Solange du keine wirklichen heavy B2B-Anwendungen machst, sollte eigentlich jedes etablierte bzw. halbwegs bekannte DBMS genügend Leistung bringen.

Wobei ich mit H2 noch keine Erfahrungen im Produktionsbetrieb gemacht habe.


----------



## Gast2 (18. Aug 2010)

Naja - die Benchmarks sind meiner Meinung nach ziemlich schwach...



> Please note this is mostly a single connection benchmark run on one computer.



Sorry, aber alleine diese Aussage zeigt wie ernst ich die Benchmarks nehmen kann. Wann hat man schon mal single connections auf einer DB im Produktivbetrieb? Grade Skalierbarkeit ist einer der wichtigsten Kriterien für eine DB.

Und - wie groß war die TestDB, wie war sie indexiert, wie komplex waren die Queries, usw... Sorry, aber dem Benchmark trau ich kein Stück.



> Why Oracle / MS SQL Server / DB2 are Not Listed
> 
> The license of these databases does not allow to publish benchmark results. This doesn't mean that they are fast. They are in fact quite slow, and need a lot of memory.



Gewagte Aussage... Ja, so eine Enterprise Oracle braucht ne Menge RAM. Das ist wohl wahr. Aber was dann z.B. mit dem SQL Optimizer gezaubert wird ist schon beachtlich. Einfach behaupten eine Oracle oder ein MS SQL Server wären langsam ist schon an sich eine Aussage die ich nicht teilen kann - aber das ganze ohne Beweise oder jegliche weitere Hinweise zu behaupten ist einfach nur frech. Erst Recht wenn es in Richtung Enterprise Level geht - sprich Skalierbarkeit, komplexe Queries, Replikation, Überprüfen von Constraints, Transaktionsmanagment etc...

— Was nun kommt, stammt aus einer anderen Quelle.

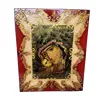 Foto de um(a) Arte Bizantina Anos 80, da categoria de Objetos religiosos e espirituais. Ícone com gravura bizantina envelhecida e moldura com técnica florentina (técnica artesanal que fazem entalhes na madeira... Vendido no marketplace Trésors.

Mag ja sein das H2 ein gute und performante DB ist, ich hab da keine Erfahrung mit, aber die Seite Performance ist ein Witz.


----------



## Tomate_Salat (18. Aug 2010)

Ja eben weil ich der Performence-seite keinen Meter traue, interessiere ich mich ja hier für erfahrungsberichte oder test von nicht-h2-entwicklern.


----------



## BoomKrach (18. Aug 2010)

N Paar Antworten gabs auf so eine Frage bei Stackoverflow.
Any real world experience with H2 database? - Stack Overflow


----------